1. Field of the Invention
The present invention relates to a Phase Locked Loop (PLL) frequency synthesizer circuit which operates to maintain the frequency of the synthesizer's output signal at a desired frequency value pre-set by a user, and more particularly to a charge-pump circuit which is one of the components of the PLL synthesizing circuit.
2. Description of the Related Art
Recently, PLL frequency synthesizer circuits have found widespread application in such mobile communication devices such as the cellular or cordless phones. The number of these devices used by the public has increased dramatically due to their widespread popularity with the public. With an increased number of the users, it has become necessary to reduce the area of the phone's effective operation and/or to execute a time-division process that ensures the effective time-based usage of a particular frequency used with a particular signal. Digital signal processing has, in response to these constraints, made significant inroads in the technological advancement of mobile communication devices. With the increased use of digital movable communication devices, there is an also a demand to increase the tuning speed of PLL frequency synthesizer circuits. To effect this increase in the tuning speed of the PLL frequency synthesizer, therefore, various techniques have been proposed, the most important of which has been to enhance the characteristics of the charge pump circuit used in the mobile communication device.
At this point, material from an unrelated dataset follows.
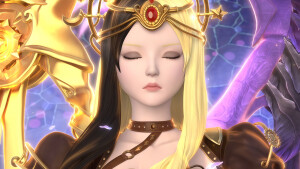 光仙子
FIG. 1 shows a conventional PLL frequency synthesizer circuit 100. The synthesizer circuit 100 is composed of a reference counter 111, a crystal oscillator 112, a comparative frequency divider 113, a phase comparator 117, a charge-pump circuit 118, a low-pass filter (simply referred to as LPF) 119, and a voltage controlled oscillator (simply referred to as VCO) 120. The LPF 119 is composed of an integrating circuit having two resistors R15, R16 and a capacitor C2.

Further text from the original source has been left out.